The trombone has often been described as having a human voice like quality because of its range and ability to bend notes. In the comic cartoon ‘Peanuts’, Charlie Brown's teacher was voiced with a cupped trombone.
Because of its size and the way it is held the trombone requires the development of endurance with breathing, posture and musculature around your mouth. It is usually broken down into 3 parts when stored in its case and requires some regular attention with maintaining its smooth gliding parts with special oil or grease.
A trombonist usually reads music in the bass clef as opposed to the more common treble clef but will easily be heard amongst an ensemble or orchestra and recognised with its warm, rich sound and unique articulation of notes with it’s sliding or glissando abilities.
The trombone is very flexible when it comes to musical genres, listen to Disney’s ‘The Mandalorian’ theme and you’ll hear a trombone take centre stage with the lead melody.

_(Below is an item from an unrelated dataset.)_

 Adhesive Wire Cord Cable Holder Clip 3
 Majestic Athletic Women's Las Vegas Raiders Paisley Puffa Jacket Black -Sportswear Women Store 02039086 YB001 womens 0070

Check out Trombone Shorty, bringing the trombone into the spotlight with his modern New Orleans style music and hip hop. Trombonist Glen Miller wrote and played in some of the biggest songs from the first half of the 20th century and Fred Wesley was the centrepiece of James Brown's horn section in the latter half
TrumpetView in store
Despite only having 3 buttons the trumpet has a full range of notes spanning three octaves or more. Sound is produced by 'buzzing' your lips against a mouthpiece while pitch is changed by a slight lip motion and pressing valves, altering the distance your breath is travelling within the trumpet. On certain notes you're blowing through over 2 metres of brass tubing.
Playing the trumpet will improve awareness and coordination of your breathing and facial muscles,while being able to draw from a wide range of musical genres to learn from. There are many members of the brass family, using similar methods to play, trumpet being the most entwined within musical history.
Listen to Miles Davis' cool muted sounds or Dizzy Gillespie's incredible virtuosity which helped propel jazz music in the 20th century. Paul Simon's hit ' You can call me Al' is a fantastic way to hear trumpet amongst other brass and woodwind instruments.